Note the example shown is based on "Issue 2" shown here http://www.stat.pitt.edu/stoffer/tsa3/Rissues.htm

Also note that this isn't a problem particular to modeling drift. Here is another example, where in addition to the intercept not matching, even the slope coefficient on the xreg= variable doesn't match what is shown from using lm(). This example has nothing to do with drift and uses the cars dataset as if it were time series data.

data(cars)
cars = as.xts(ts(cars, start=c(1980,1), freq=12))
model6 = arima(cars$speed, xreg=cars$dist, order=c(1,0,0), include.mean=TRUE)
# Coefficients:
#         ar1    intercept   dist
#       0.9979    15.2890  -0.0172
# s.e.  0.0030    10.5452   0.0055

model6_Part1 = lm(cars$speed ~ cars$dist)
# Coefficients:
#      (Intercept)    cars$dist  
#        8.2839        0.1656 

Intercepts do not match, slope coefficient does not match.

Best Answer

The idea behind the differences that you are finding in your modelling is the following.

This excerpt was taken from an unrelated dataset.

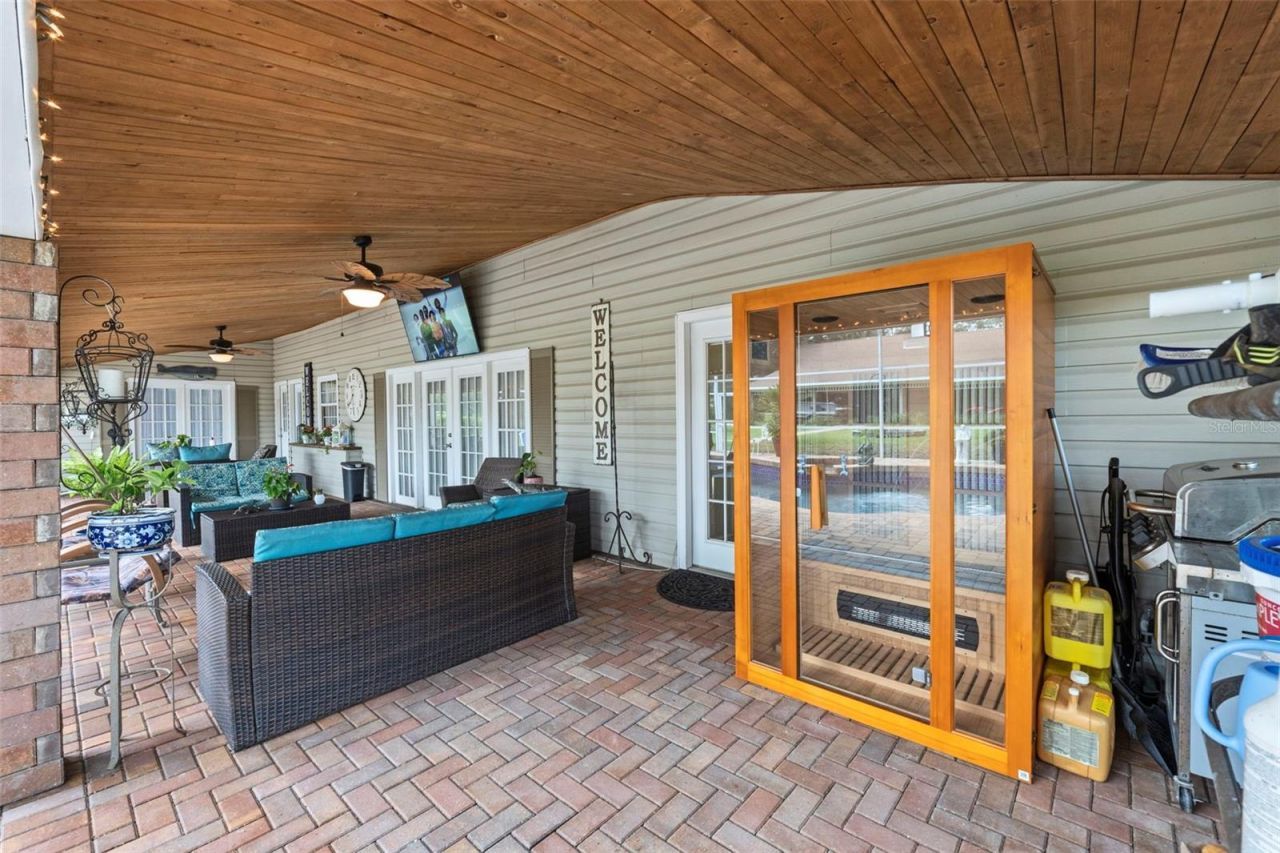 32137 Wolf Branch Lane, Sorrento, FL 32776 Photo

Suppose you have a left-hand-side variable $y$ and a regressor $x$. Suppose also that the variables are stationary (for simplicity). Then you have the following equations:

(1a) $y_t=\alpha_0+\alpha_1x_t+u_t$
(1b) $u_t=\psi_1u_{t-1}+...+\psi_pu_{t-p}+v_t+\zeta_1v_{t-1}+...+\zeta_qv_{t-q}$

There are two ways you can proceed.

  • Case A: you estimate equation (1a) first, obtain the residuals, then use them to estimate equation (1b).
  • Case B: you estimate both equations simultaneously.

In case A, in the first stage you implicitly make an assumption that the residuals in equation (1a) are independent across time. Then in the second stage you revoke this assumption and model the residuals from equation (1a) as an ARMA process given by equation (1b). (So there is an intrinsic contradiction between the assumptions in stage 1 and stage 2 that shows the weakness of this approach.)

In case B, you assume that the residuals from equation (1a) follow an ARMA process as given in equation (1b) and use this information when estimating equation (1a).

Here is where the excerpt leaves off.